今回は、作曲家2人でなるべく同時に共に一つのものを創りあげていくことを目指しました。

 

“かねてより、共作に興味があり、個人の創作では辿り着かない地点に誘われる、という共創体験に憧れてきました。

 

今回は、大学の一つ上の先輩で、学部から6年間、お互いの創作をよく知る山田奈直さんに声をかけ、彼女が7年前に制作したクラリネットとピアノのための「みみなり」を、タイトルをそのままに、互いのみみなり体験や音楽観を踏まえながら、再共創することを試みました。

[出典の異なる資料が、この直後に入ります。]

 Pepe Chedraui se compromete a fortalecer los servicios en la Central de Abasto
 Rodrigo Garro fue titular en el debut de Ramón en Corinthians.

譜面制作とMAXパッチ制作という大雑把な役割分担はありながらも、なるべく互いに顔を合わせ、実際に楽器を扱いながら、どちらのパートも常に2人で創るように制作が進められました。相手の音楽観や癖がダイレクトに流れ込んでくる創作過程は、とても特別な体験になりました。(小栗)

 

皆さんの耳鳴りはどんな音がしますか?

「魔女に取り憑かれた耳」と言われ、太古の昔から人々を苦しめてきた耳鳴りですが、その予兆と純度の高い音色、そして徐々に収束していく音像は、人間由来のものとは思えない均質な美しさを持っていると思います。

今回の共作では、2人でB管クラリネットを探求し、通常の奏法では得られない魅力的な音色にたどり着きました。それらとライブエレクトロニクスが組み合わさることによって生まれる新しい「みみなり」をどうぞお楽しみください。(山田)

 

最後に、より作品をお楽しみいただくために、譜面冒頭のインストラクションを共有します。

「この作品には、クラリネットパート、エレクトロニクスパート共に、よく注意を払わなければ聞こえないレベルの小さな音の見え隠れを味わう演出が含まれます。わずかな音、わずかなズレ、わずかな違和感と、それを味わう姿勢が楽曲に命を吹き込みます。」”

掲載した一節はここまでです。